O programa de “Optimal Leadership Resilience” de que Horta Osório nos fala no seu artigo traduz isto mesmo – a preocupação de uma Organização em capacitar as funções que se encontram mais sujeitas a stress com um conjunto de ferramentas (claramente também associadas ao desporto de alta competição) que potenciam as qualidades físicas e psico-emocionais de qualquer “performer”:
- Nutrição, monitorização cardíaca, gestão do sono, avaliação e análise psicológica, numa perspectiva de habilitar o individuo a confrontar-se positivamente com os desafios do presente.
Excelente a iniciativa de Horta Osório e do Lloyds pela visão e estratégia (a médio/longo prazo), pela preocupação com o ser humano e não com o “colaborador”, pela aposta numa equipa de “maratonistas felizes” e não de “sprinters exauridos”, enfim, uma vez mais pelo exemplo que nos trazem de que é possível fazer diferente... e repare-se (o grande “bicho papão” que existe em contextos de alto rendimento), sem qualquer receio de prejuízo da capacidade de performance da equipa (por que sabem, em última análise, que estão mesmo é a elevar as condições de performance).
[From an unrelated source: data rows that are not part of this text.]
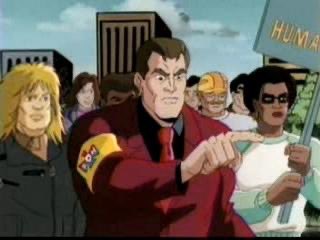 ZiggoTheAlien's tweet photo. Hood problems 101.

Watching old X-men cartoons wondering why the bad guys have a “fuck out of here logo” and it’s “friends of humanity”. 

F.O.H 🤣 https://t.co/Oxyxnu9Dfi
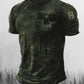 Men's Vintage Skull Short Sleeves T-Shirt
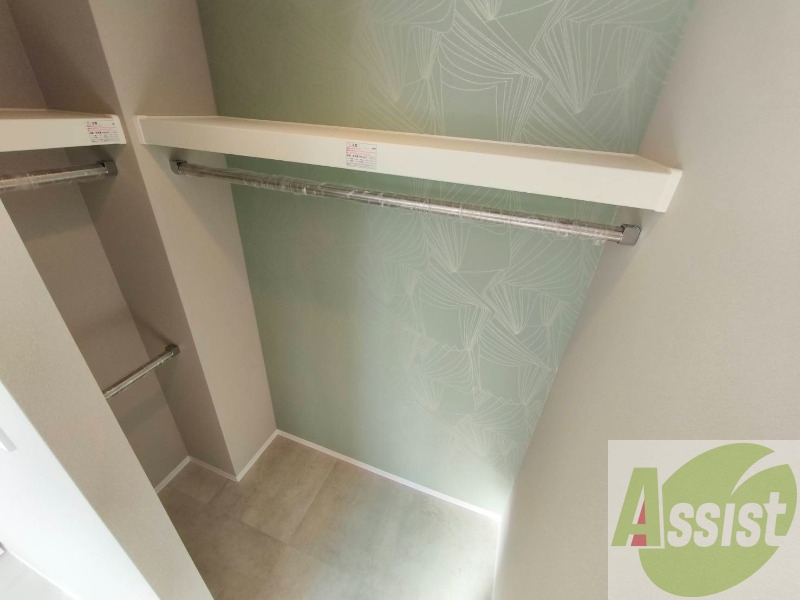 寝室の収納になります。広々としてたくさん収納できます。 寝室の収納になります。広々としてたくさん収納できます。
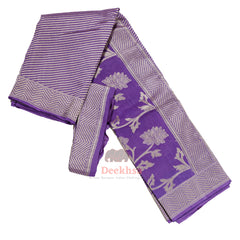 Banaras Tissue Muga Silk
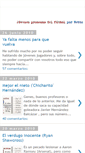 Mobile Screenshot of elfichajeestrella.blogspot.com
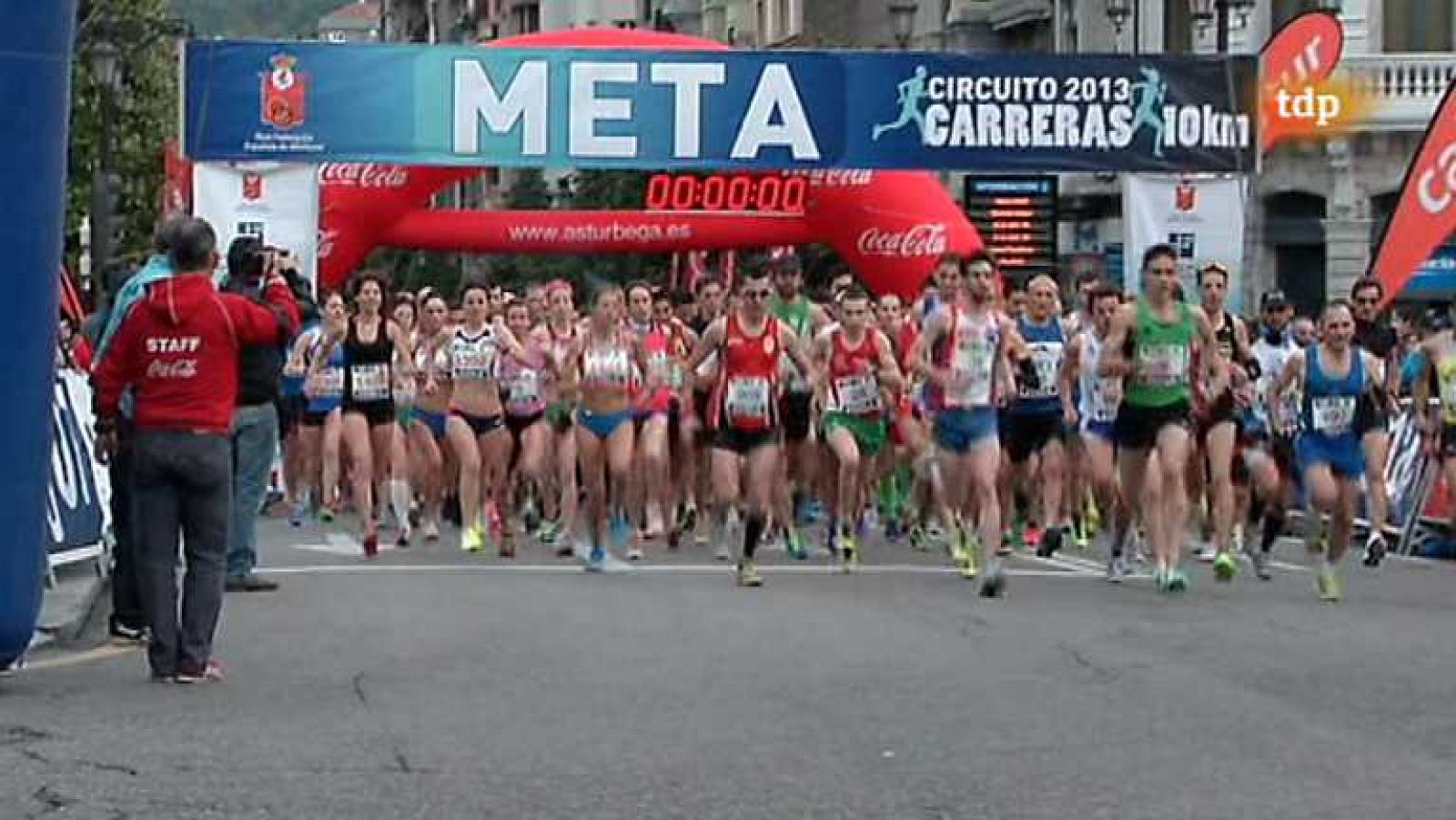 Atletismo: Carrera 10 Kms. RFEA. Oviedo | RTVE Play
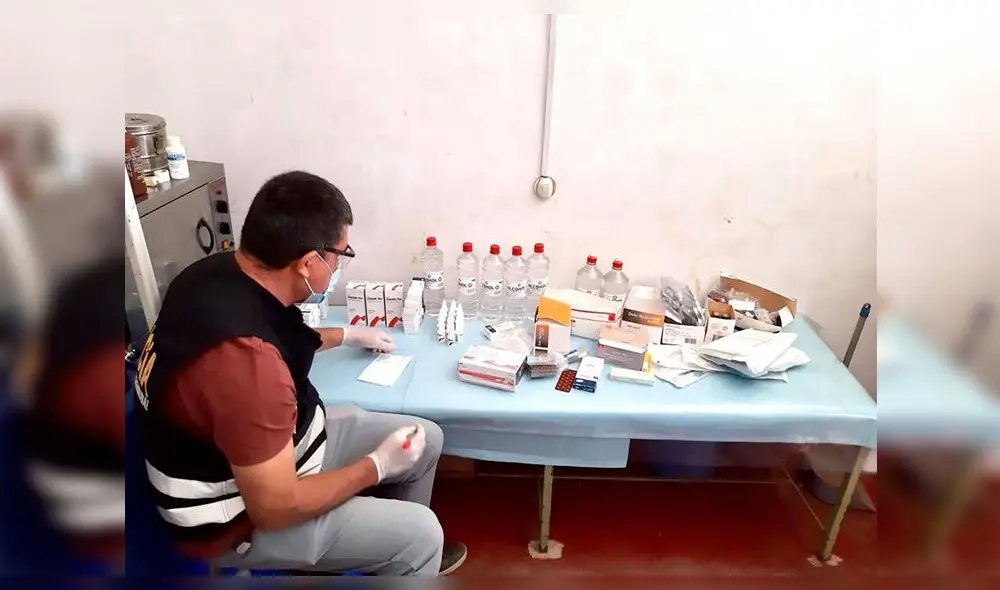Boticas fueron intervenidas en Lambayeque. Boticas fueron intervenidas en Lambayeque.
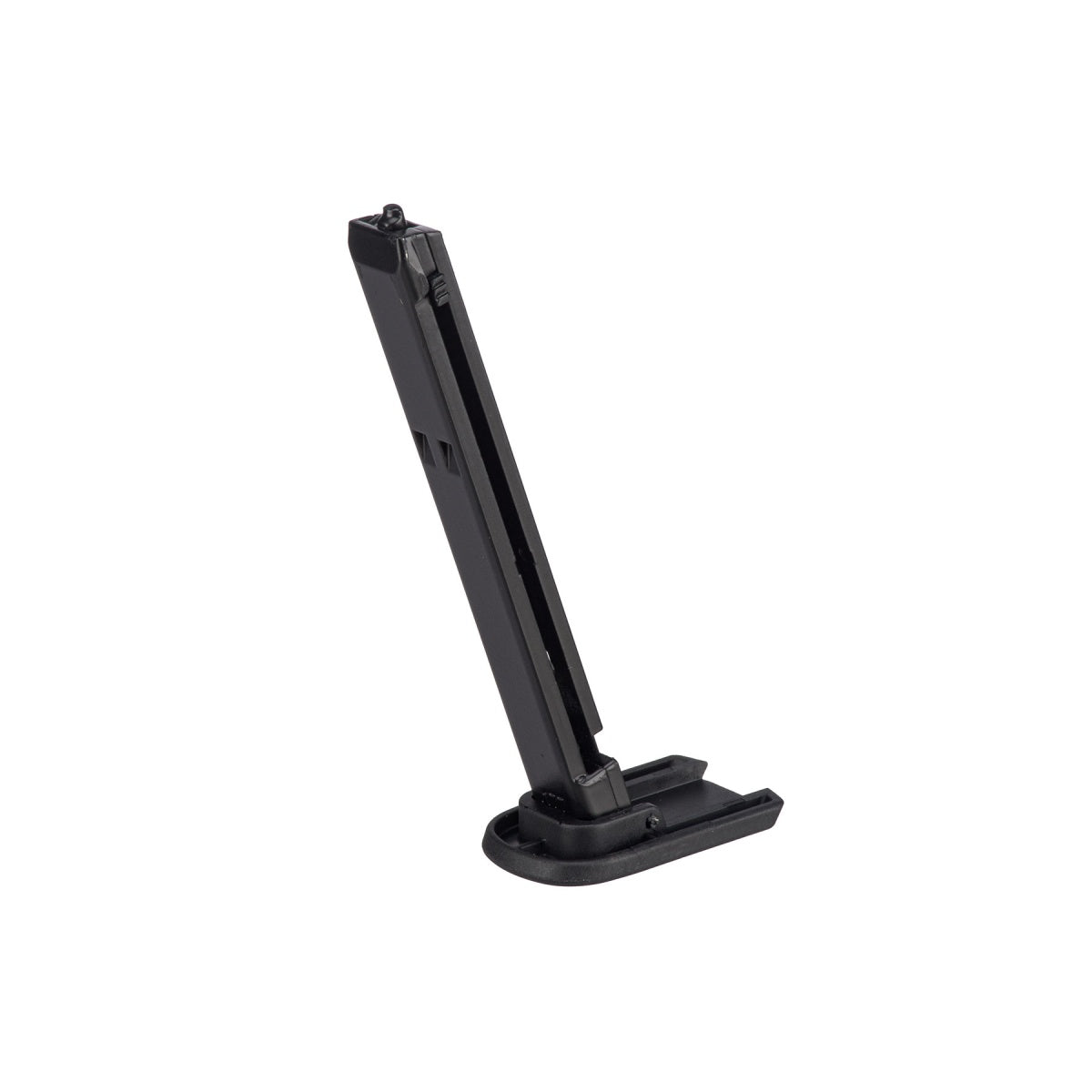 Lancer Air Defender 4.5mm 15 Round Stick Magazine (Color: Black)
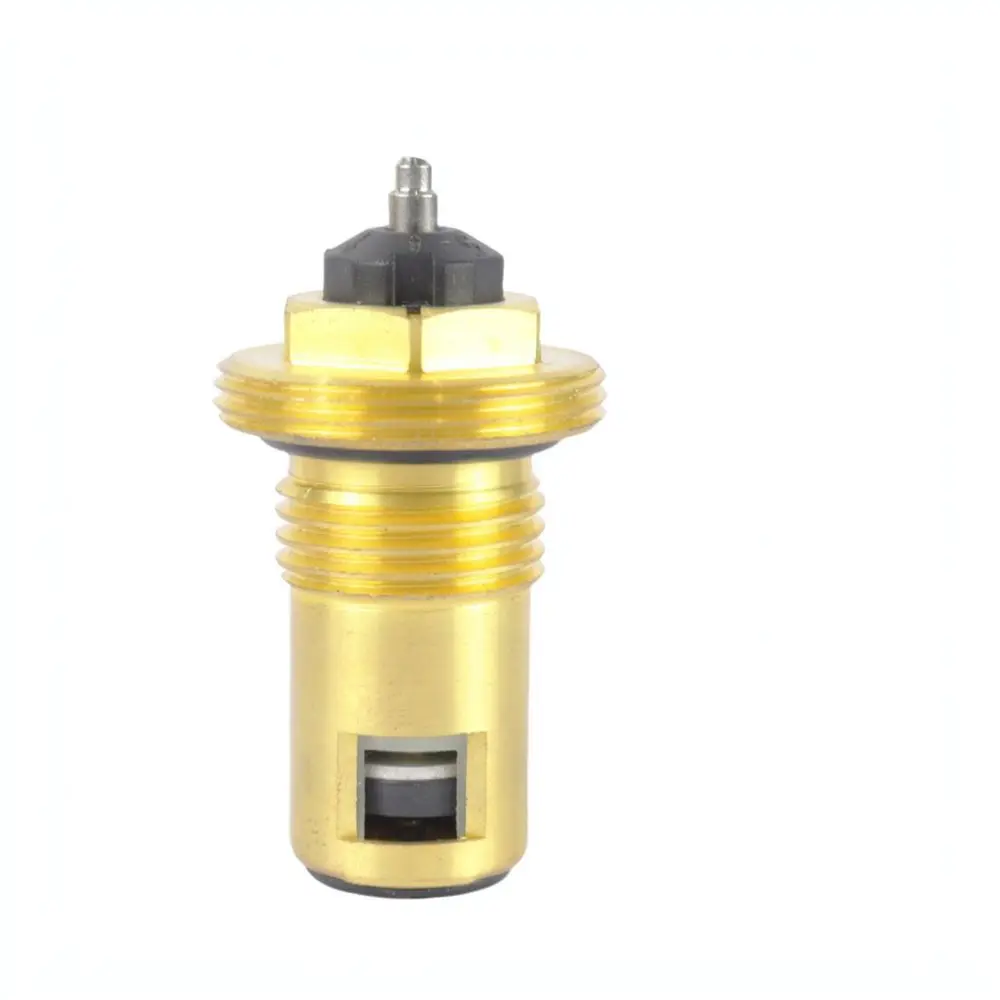 Brass Radiator Thermostatic Valve Insert For Hongyin M35x1.5 Core 1/2 Inch Threaded Heating Flow Control Replacement Parts
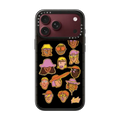 Les Visages Phone Case | iPhone 18 Pro Max / Impact Case MagSafe Compatible - Glossy / Glossy Black | Image 1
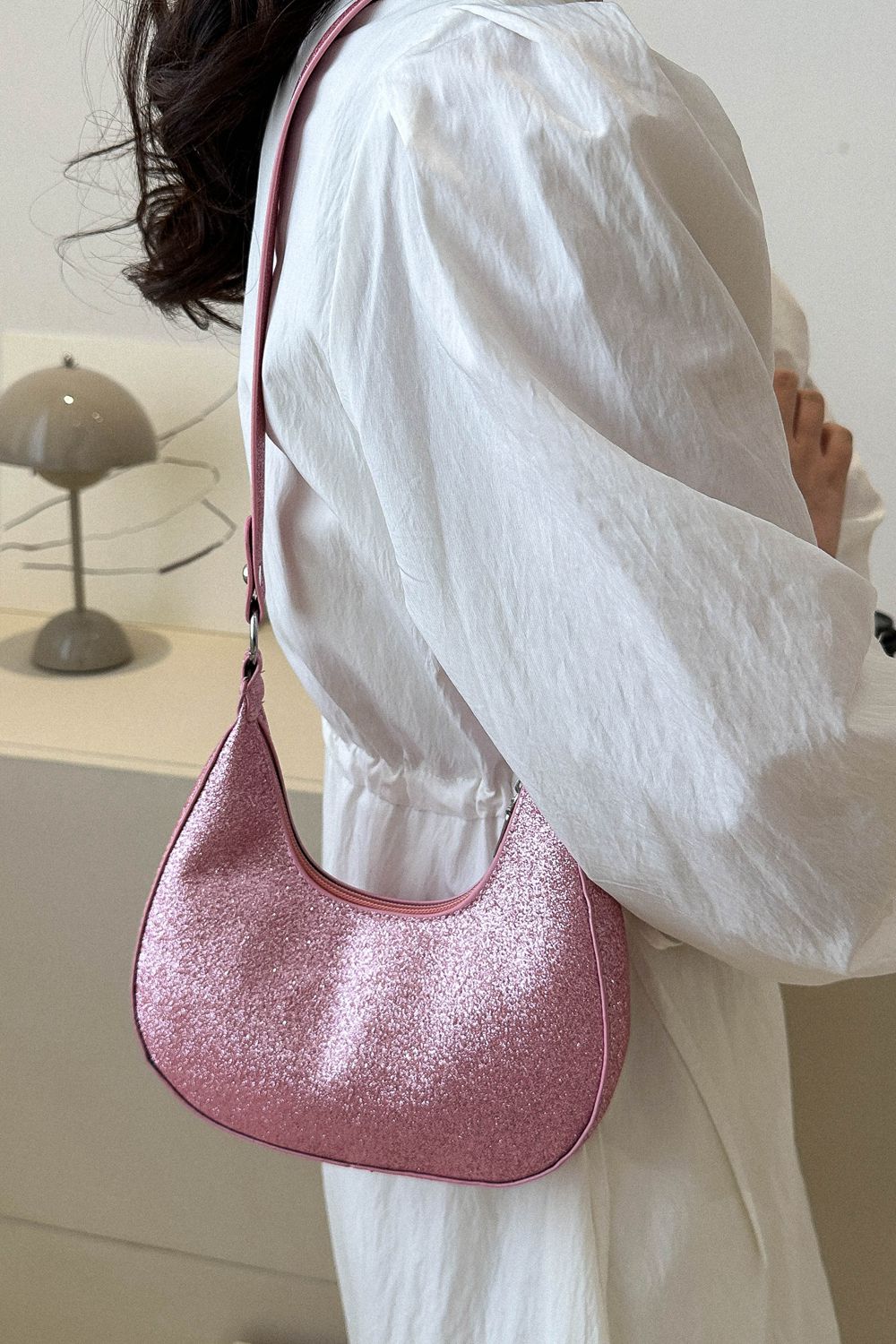 Honeybee Mumford's Small Glitter Shoulder Bag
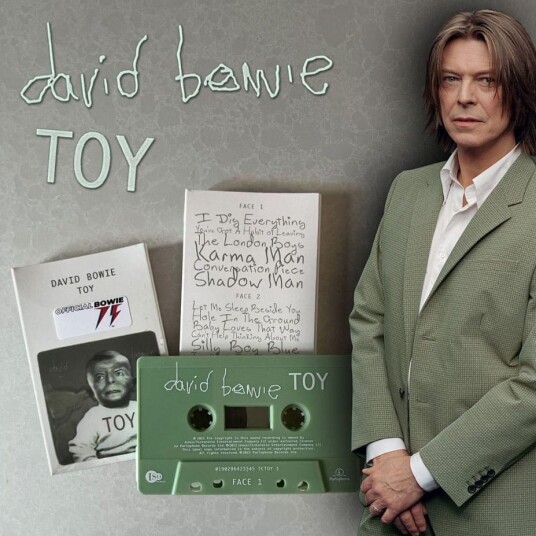 David Bowie Toy Kassett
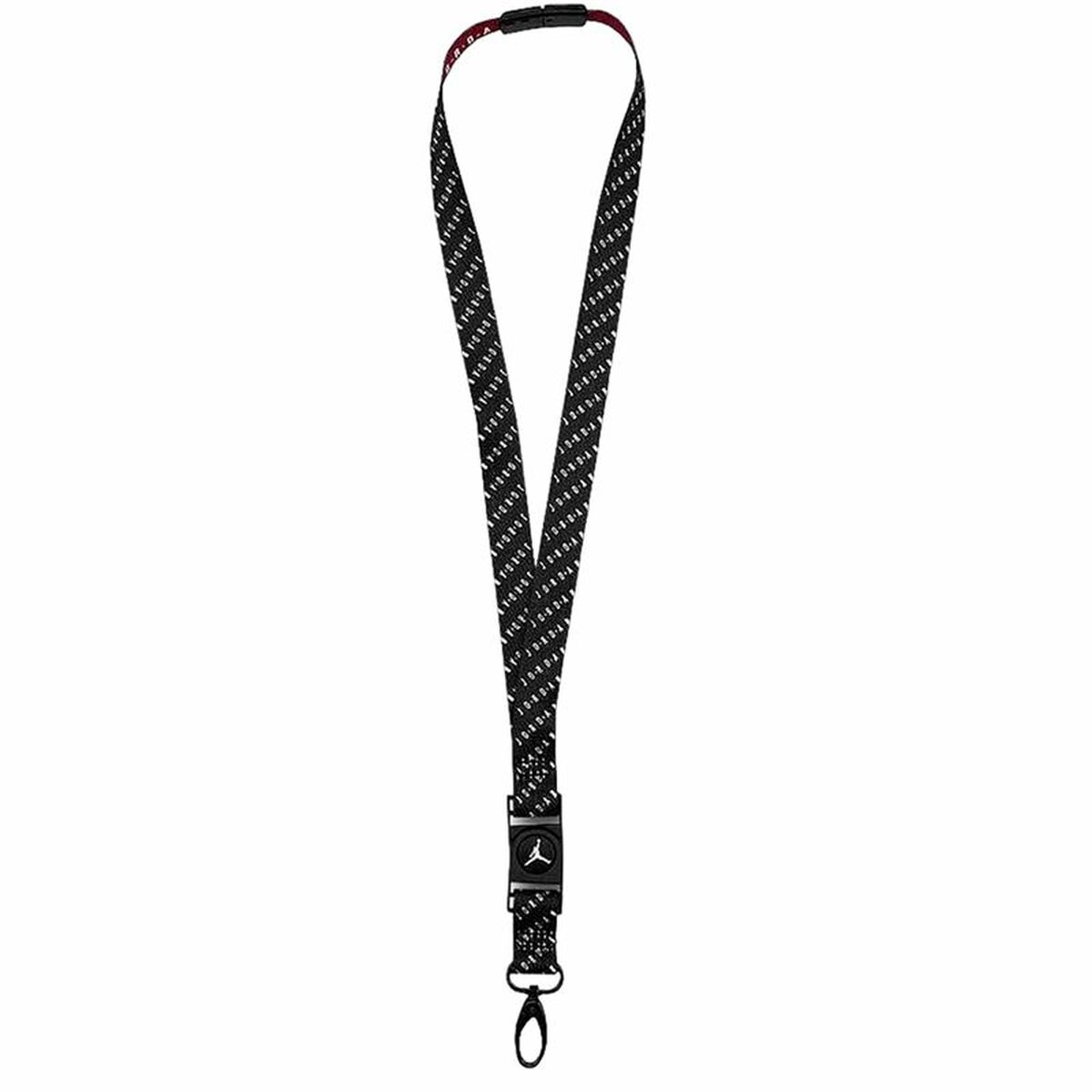 Lanyard Jordan Premium Svart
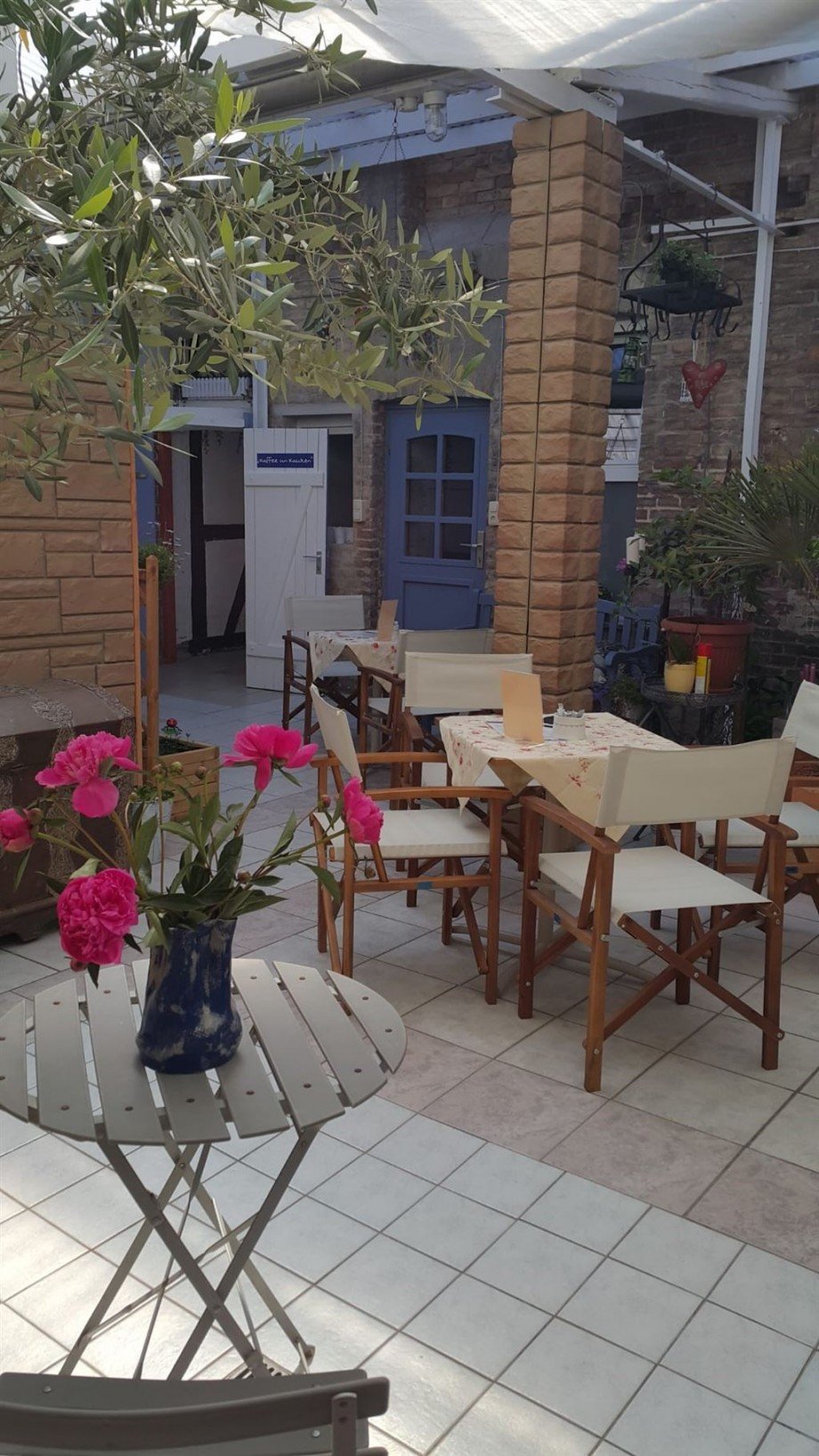 Innenhof Reihenmittelhaus Neubukow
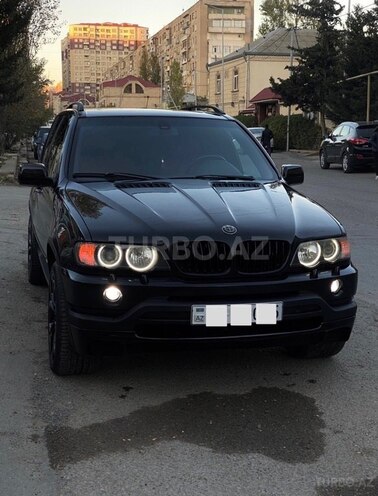 BMW X5 2001, 270,000 km - 4.4 л - Bakı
Por cá, fica o desafio para as empresas (e desporto em geral), que há muito, pessoalmente, vinco nas empresas e organizações desportivas com quem tenho a oportunidade de trabalhar, de se alinharem e criarem planos verdadeiramente focados nas necessidades das pessoas sem medos ou estigmas...
Ou não revelassem, as nossas “coxices” (entenda-se: fragilidades emocionais e físicas), também todo o nosso potencial de transformação e margem de progressão."